Everywhere You Look

Here is what I learned last week: we absolutely must let God love us because it is the only way to help others see that God loves them. Or if you are not into God, we must allow ourselves to experience that the core of our being is divine—essential, complete, creative, unconditional, fully connected—love.

I’m not sure we’re here for much else than to realize that and practice it so that we can help others realize and practice it. I learned this most recently at the Living School for Action and Contemplation in Albuquerque, New Mexico, though I suspect we spend our lives learning it.

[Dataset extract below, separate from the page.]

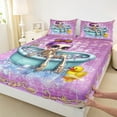thumbnail image 3 of Feelyou Gothic Witch Skeleton Twin Sheet Sets, Purple Sequin Print Twin Fitted Sheet, Fairy Tale Flat Sheet, Breathable Home Decor, 3 Pieces, 3 of 7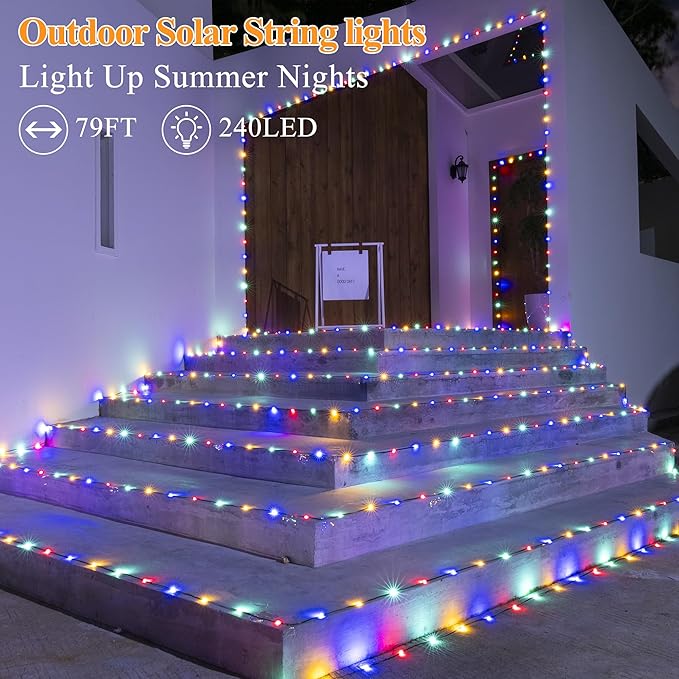 Solar String Lights 240LED 79FT, IP67 Waterproof String Lights for Outside with 8 Lighting Modes, Upgraded Solar Panel Fairy Lights for Garden Party Wedding Decorations (Multicolor)-Ruum Studio Home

Our group of forty-five was invited to walk around imagining the words “Holy to God” were marked on our foreheads and to read those words on everyone else’s forehead. Then we formed a circle and simply looked each other in the eyes while listening to a song with the lyrics, “Everywhere you turn, you see the face of God.” People were weeping. I think they were weeping because it is true.

Then we left the circle, and I started worrying about who I would eat dinner with and whether I would be left all alone while everyone else went out and had a fabulous time together. A few minutes later, someone who I hadn’t connected with in the circle walked past me and stopped and saw God in me, and on the inside, I ran and hid. At that moment, I wasn’t capable of accepting what she saw.

I’ve always thought all the unworthiness stories I carry around inside contributed to self-improvement, but they are just another form of ego. They prevent us from seeing ourselves, and therefore others, as the love that we are.

Living in and from this love nature is obviously not going to be easy on the day the person in front of you at the grocery store is paying his bill in unrolled pennies and your spouse calls to tell you the washing machine broke and flooded all over your new wood floors—or even on a typical day at work, not to mention in a war zone. I couldn’t even hold onto it while staying at a nice hotel and having all my meals prepared for me. But that’s why we practice.

We’re Already There

I had a bad case of the wanting-to-be-importants earlier this week. For me, this generally takes the form of wishing that I had achieved something so impressive that the whole world—or at least everyone I was ever likely to meet—knew of my accomplishments, was favorably impressed by them, and considered me in the top 100 or so human beings of all time. I am not exaggerating.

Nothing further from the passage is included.